Os números confirmam a tendência nítida de polarização entre o prefeito de São Luís e o secretário de Assuntos Municipalistas, já que os outros dois postulantes, Lahesio Bonfim e Felipe Camarão, não esboçaram qualquer reação, com a diferença de que o pré-candidato do Novo perdeu força, enquanto o pré-candidato petista se manteve no mesmo patamar, ganhando um ponto a mais.
E mostram que, conforme o quadro desenhado pelo levantamento Quaest, caso o prefeito de São Luís venha a renunciar para entrar na corrida, o secretário de Assuntos Municipalistas terá o desafio de planejar bem sua corrida ao voto, buscando indecisos e desinteressados, que somam nada menos que 23% dos votos. Sem Eduardo Braide na disputa, Orleans Brandão terá todas as condições de manter a liderança e vencer a eleição.
A pesquisa Quaest ouviu 900 eleitores em 49 municípios no período de 12 a 16 de março, tem margem de erro de três pontos percentuais, para mais ou para menos, intervalo de confiança de 95% e está registrada na Justiça Eleitoral sob o protocolo MA-07211/2026.
Brandão e Roseana à frente para o Senado; ou, sem eles, Roberto Rocha e Weverton Carlos Brandão e Roseana Sarney lideram sem serem candidatos; Roberto Rocha e Weverton Rocha à frente, mas com André Fufuca, Eliziane Gama, Pedro Lucas e Hilton Gonçalo brigando pela segunda vaga.
A pesquisa Quaest confirma que nunca houve, no Maranhão, uma disputa para o Senado em que, a pouco mais de seis meses das eleições, o quadro de candidatos não estivesse definido.

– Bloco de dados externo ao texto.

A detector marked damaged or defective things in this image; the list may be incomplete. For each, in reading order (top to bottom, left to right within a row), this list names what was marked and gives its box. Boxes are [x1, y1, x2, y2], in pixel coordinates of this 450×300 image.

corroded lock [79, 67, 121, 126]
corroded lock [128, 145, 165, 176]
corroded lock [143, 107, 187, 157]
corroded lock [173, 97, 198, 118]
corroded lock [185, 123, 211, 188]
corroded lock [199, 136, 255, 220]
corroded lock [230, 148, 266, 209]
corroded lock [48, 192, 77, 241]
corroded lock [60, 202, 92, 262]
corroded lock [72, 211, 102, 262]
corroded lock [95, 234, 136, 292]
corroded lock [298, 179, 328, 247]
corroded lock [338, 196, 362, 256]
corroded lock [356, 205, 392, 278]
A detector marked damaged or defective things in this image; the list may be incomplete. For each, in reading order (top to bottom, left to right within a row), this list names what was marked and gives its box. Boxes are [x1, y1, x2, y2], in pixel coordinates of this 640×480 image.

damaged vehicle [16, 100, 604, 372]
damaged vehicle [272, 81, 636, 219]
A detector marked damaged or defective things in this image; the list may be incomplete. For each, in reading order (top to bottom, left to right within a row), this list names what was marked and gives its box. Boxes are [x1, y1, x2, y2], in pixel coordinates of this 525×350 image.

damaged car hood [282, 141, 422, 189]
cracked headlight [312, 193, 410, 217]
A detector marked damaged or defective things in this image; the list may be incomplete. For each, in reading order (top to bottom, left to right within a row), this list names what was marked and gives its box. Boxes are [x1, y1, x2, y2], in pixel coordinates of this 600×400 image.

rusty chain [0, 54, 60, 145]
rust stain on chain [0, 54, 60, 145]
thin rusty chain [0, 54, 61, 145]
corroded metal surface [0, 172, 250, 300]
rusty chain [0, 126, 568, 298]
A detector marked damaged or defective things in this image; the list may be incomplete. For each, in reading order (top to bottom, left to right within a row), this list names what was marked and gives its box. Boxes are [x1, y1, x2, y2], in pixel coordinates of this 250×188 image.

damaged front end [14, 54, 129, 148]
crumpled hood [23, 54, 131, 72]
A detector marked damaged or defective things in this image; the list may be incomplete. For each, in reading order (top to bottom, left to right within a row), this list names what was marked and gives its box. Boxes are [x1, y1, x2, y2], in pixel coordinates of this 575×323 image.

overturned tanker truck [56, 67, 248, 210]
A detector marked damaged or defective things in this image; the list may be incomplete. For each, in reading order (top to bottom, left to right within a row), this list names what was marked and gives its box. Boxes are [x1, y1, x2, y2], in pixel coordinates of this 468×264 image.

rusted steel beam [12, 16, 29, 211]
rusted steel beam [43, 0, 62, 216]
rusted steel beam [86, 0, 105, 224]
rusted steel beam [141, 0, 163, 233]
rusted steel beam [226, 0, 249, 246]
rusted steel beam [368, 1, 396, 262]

A de agora se diferencia das demais em vários aspectos, a começar pelo fato de que os dois nomes que mais receberam intenções de voto, o governador Carlos Brandão (sem partido) e a deputada federal Roseana Sarney (MDB), até segunda ordem, não são candidatos.
O primeiro cenário encontrado pelo levantamento incluiu os dois, e o resultado foi o seguinte: Carlos Brandão tem 23%, seguido do ex-senador Roberto Rocha (ainda sem partido), que recebeu 11%. O senador Weverton Rocha (PDT), com 9%, está tecnicamente empatado com a senadora Eliziane Gama (PSD) e com o ministro André Fufuca (PP), ambos com 8%, e com o deputado federal Pedro Lucas (União), com 7%. O ex-prefeito de Santa Rita, Hilton Gonçalo (Mobiliza), aparece com 2%.
No segundo cenário, sem o governador Carlos Brandão, quem lidera é a deputada federal Roseana Sarney, com 18%, seguida de Roberto Rocha (12%), tecnicamente empatado com Weverton Rocha (10%), que, por sua vez, aparece empatado com André Fufuca (8%) e Eliziane Gama (8%), ambos medindo forças em empate técnico com Pedro Lucas (7%) e Hilton Gonçalo (4%).
Sem o governador Carlos Brandão e sem a deputada federal Roseana Sarney, o levantamento confirma tendência favorável ao ex-senador Roberto Rocha e ao senador Weverton Rocha, candidato à reeleição. Contudo, o governador tem repetido que não vai renunciar ao mandato e que já indicou o secretário Orleans por ter a certeza de que sua programação de governo, que está dando certo, não será descontinuada.